* Your task
Whenever a picture appears in the listing below, leave it out, and copy exactly the lines from the one containing "del radio y el disco articular con" through the end.

Excerpted data: Begin

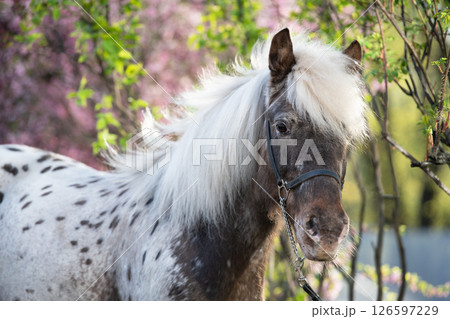 portrait of  cute chocolate appaloosa pony posing against blossoming almond bush. at evening 126597229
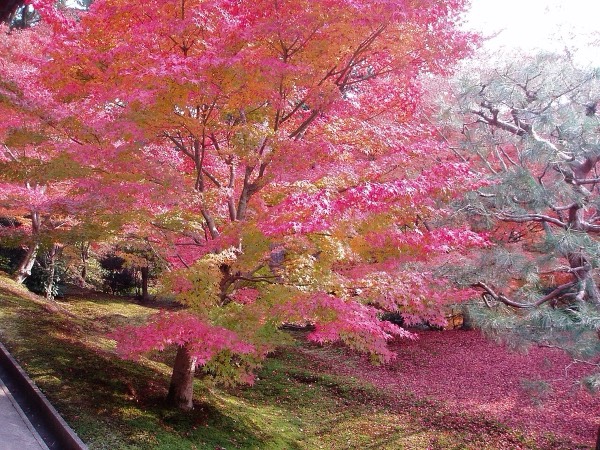 京都賞楓名所東福寺境內轉紅的楓樹與滿地落葉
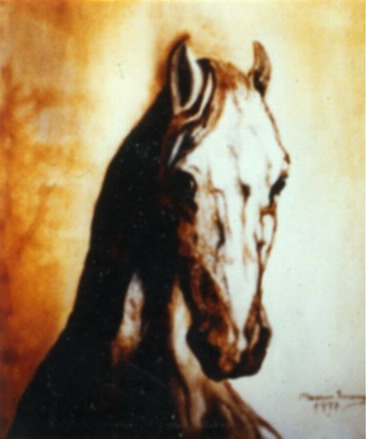 Hungarian horse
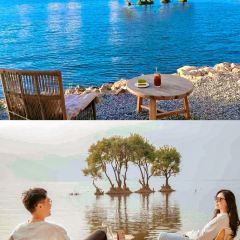 阿凯缇娅·安止樱落海景度假酒店·一间海景餐厅 User Photo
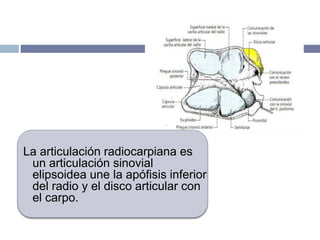 La articulación radiocarpiana es
un articulación sinovial
elipsoidea une la apófisis inferior
del radio y el disco articular con
el carpo.
 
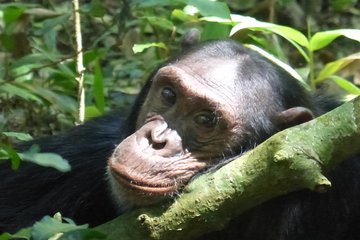 15 Day Gorillas, Chimps and Big 5 Safari Tour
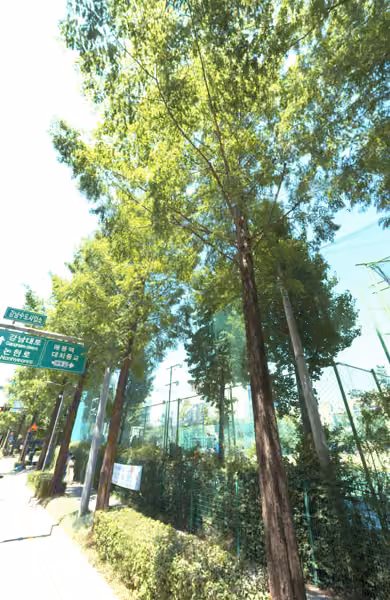 tree photo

Excerpted data: End

* Output of the exercise
del radio y el disco articular con
el carpo.
 
 15 Day Gorillas, Chimps and Big 5 Safari Tour
 tree photo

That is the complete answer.